* Exercise requirements *
Restate each line below word for word, skipping every picture.

* Data provided *
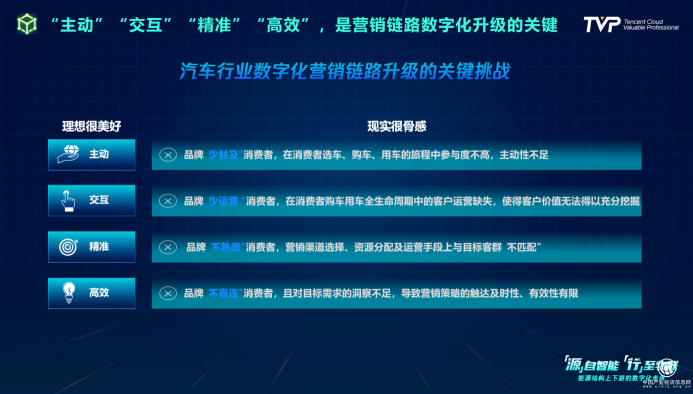 你的下一部超級(jí)智能終端，可能是一輛汽車！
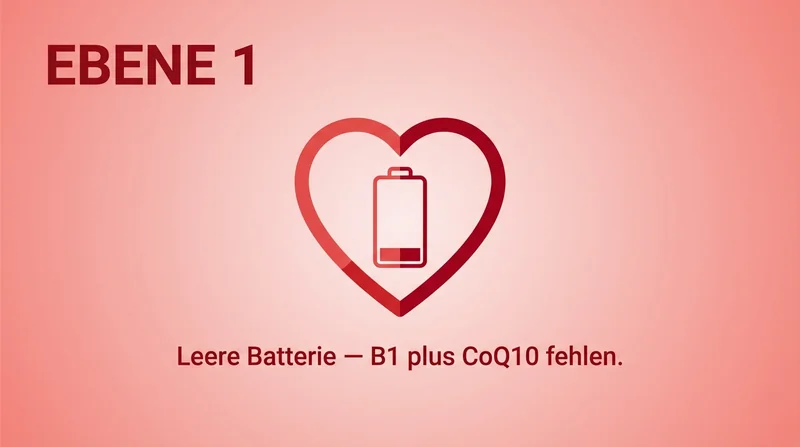 Ebene 1: Leere Batterie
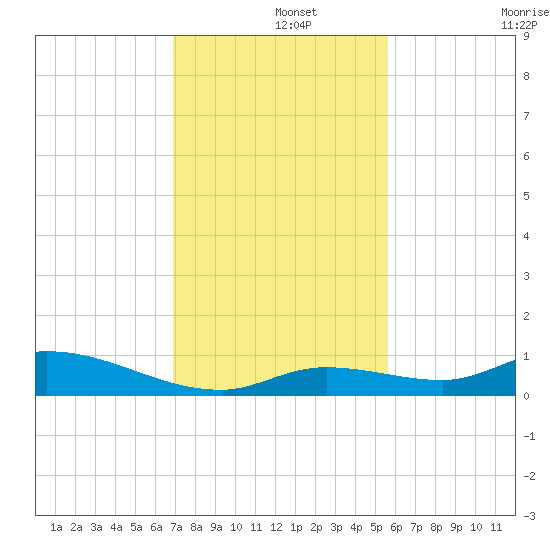 Geiger Key tide chart for Sunday, December 3, 2023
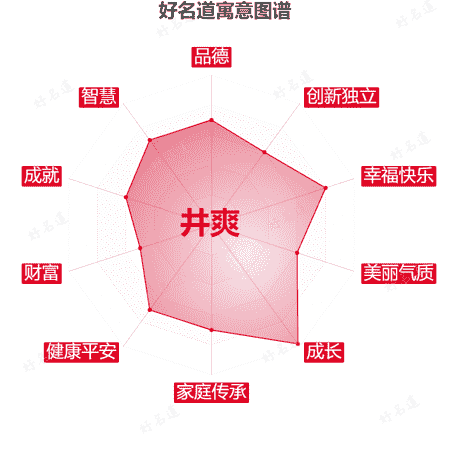 名字井爽的寓意图谱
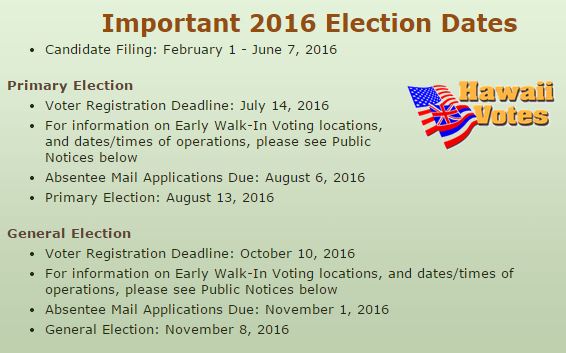 Elections website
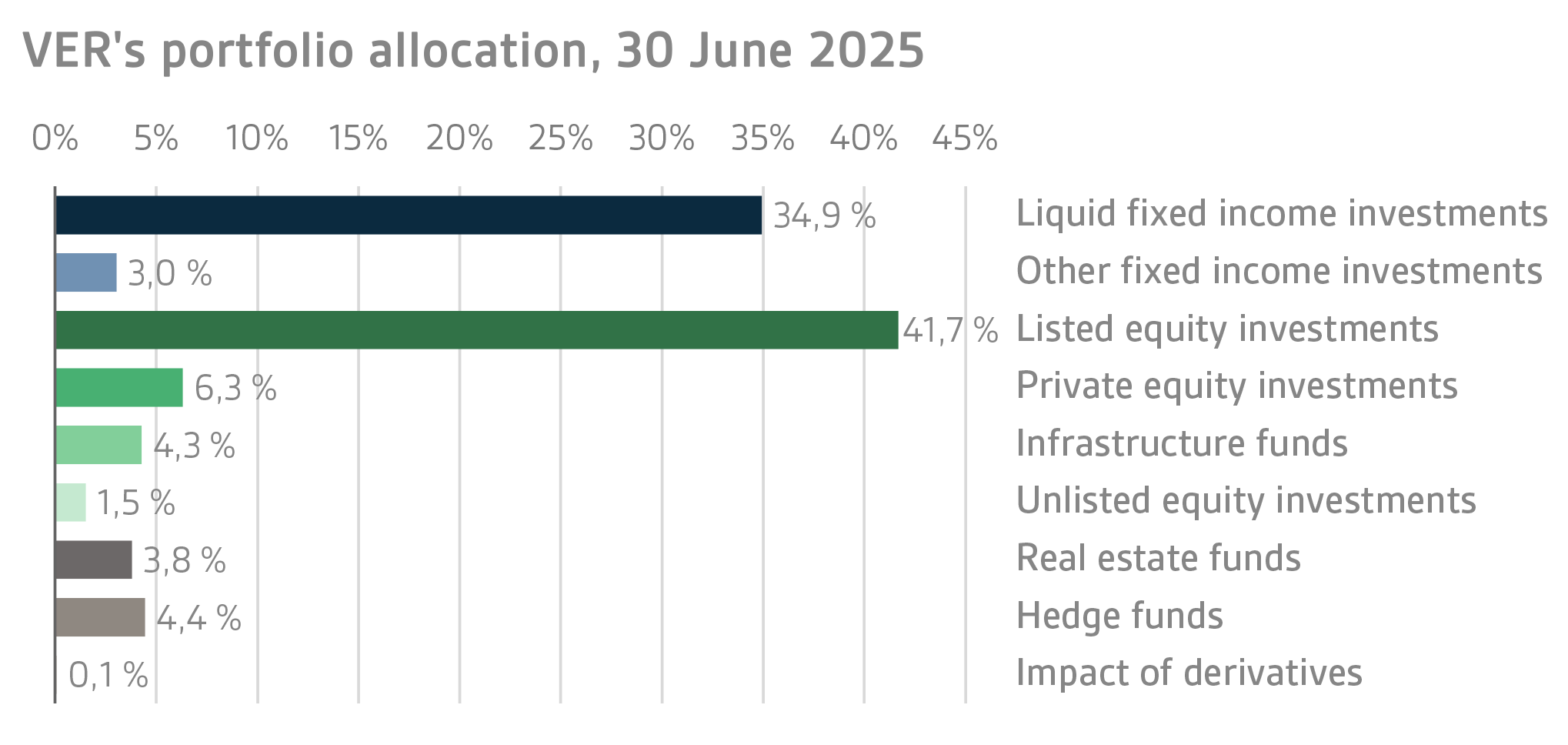 VERs portfolio allocation, 30 June 2025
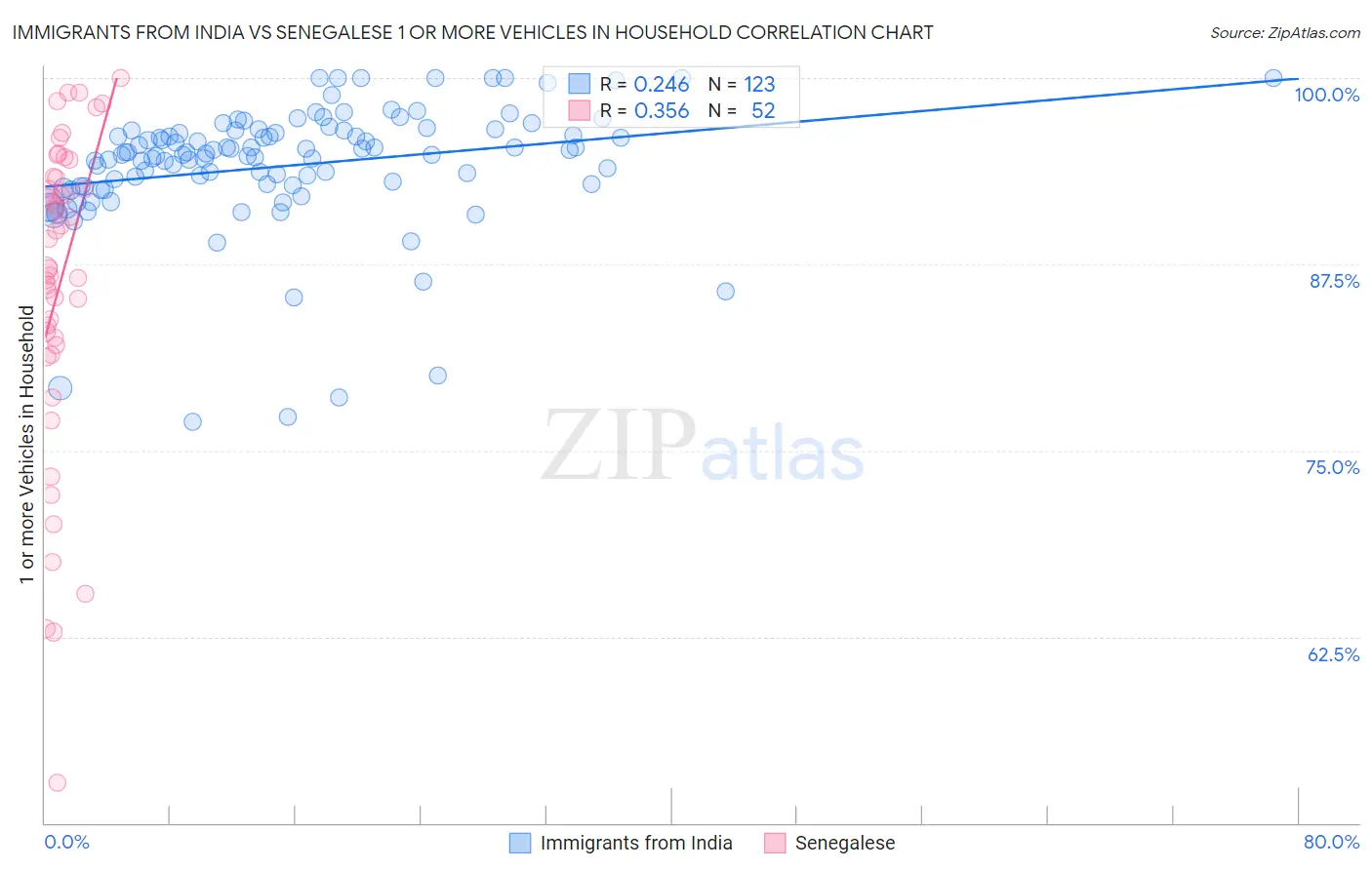 Immigrants from India vs Senegalese 1 or more Vehicles in Household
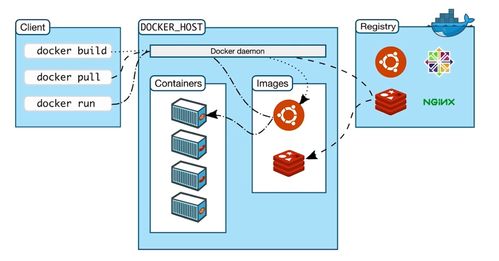 Java架構師視角下的服務容器化技術 從Docker到Cloud Foundry的演進與實踐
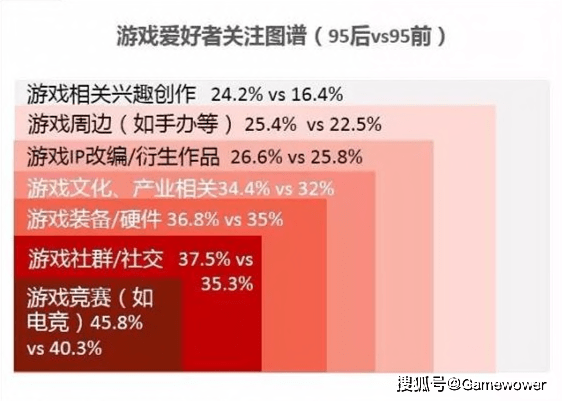 索尼|持续升级的QQ飞车手游S联赛 拥抱年轻用户的索尼手机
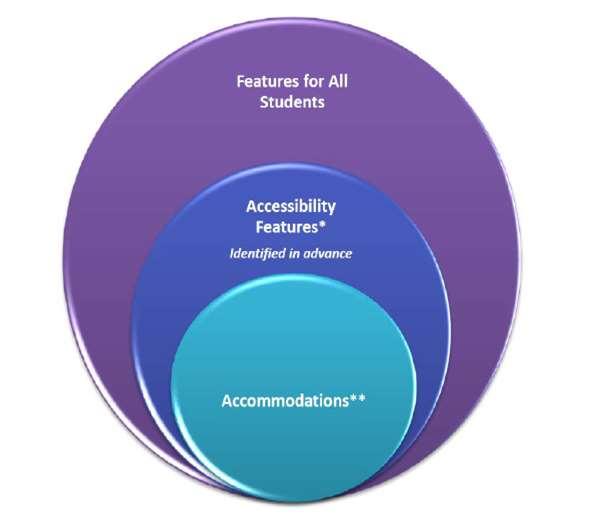 Accessibility Features / Accommodations Accessibility Features for All Students within TestNav Example: Line Reader, Answer Eliminator & Magnifier Tool Accessibility Features Identified in Advance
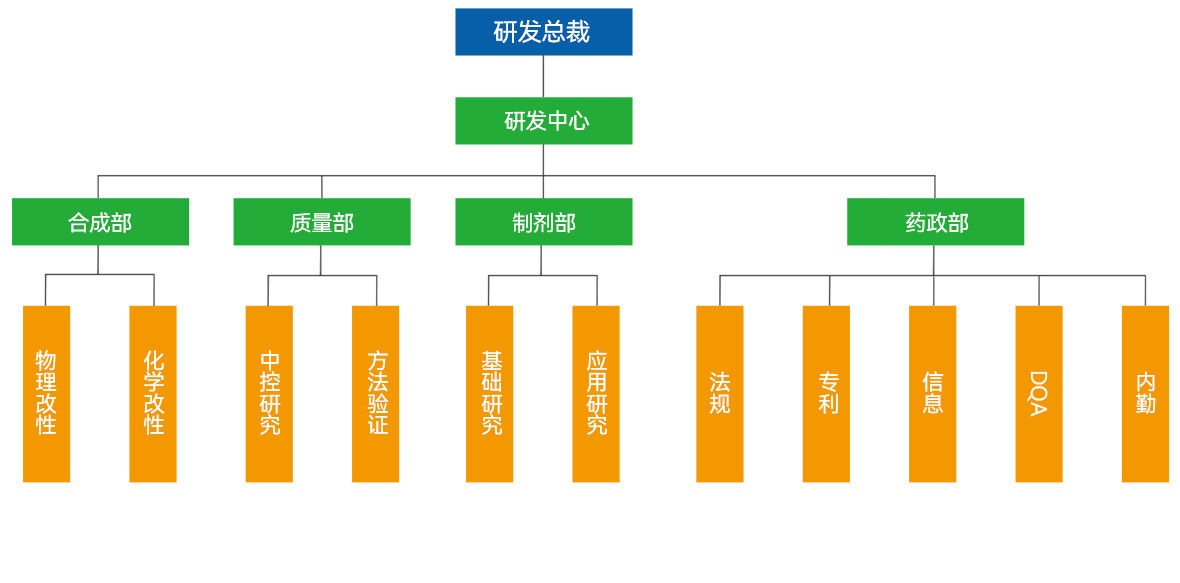 表3.jpg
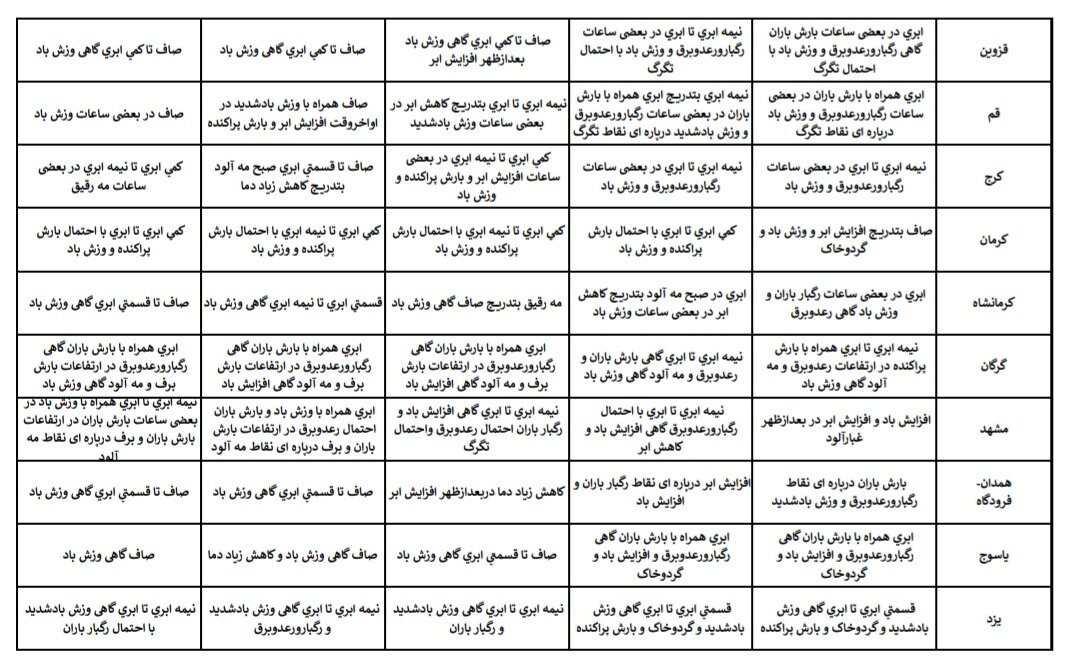 هواشناسی عید ۱۴۰۴ / آخرین پیشبینی وضعیت جوی استانهای کشور در نوروز ۱۴۰۴ + جزئیات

* Task answer *
 你的下一部超級(jí)智能終端，可能是一輛汽車！
 Ebene 1: Leere Batterie
 Geiger Key tide chart for Sunday, December 3, 2023
 名字井爽的寓意图谱
 Elections website
 VERs portfolio allocation, 30 June 2025
 Immigrants from India vs Senegalese 1 or more Vehicles in Household
 Java架構師視角下的服務容器化技術 從Docker到Cloud Foundry的演進與實踐
 索尼|持续升级的QQ飞车手游S联赛 拥抱年轻用户的索尼手机
 Accessibility Features / Accommodations Accessibility Features for All Students within TestNav Example: Line Reader, Answer Eliminator & Magnifier Tool Accessibility Features Identified in Advance
 表3.jpg
 هواشناسی عید ۱۴۰۴ / آخرین پیشبینی وضعیت جوی استانهای کشور در نوروز ۱۴۰۴ + جزئیات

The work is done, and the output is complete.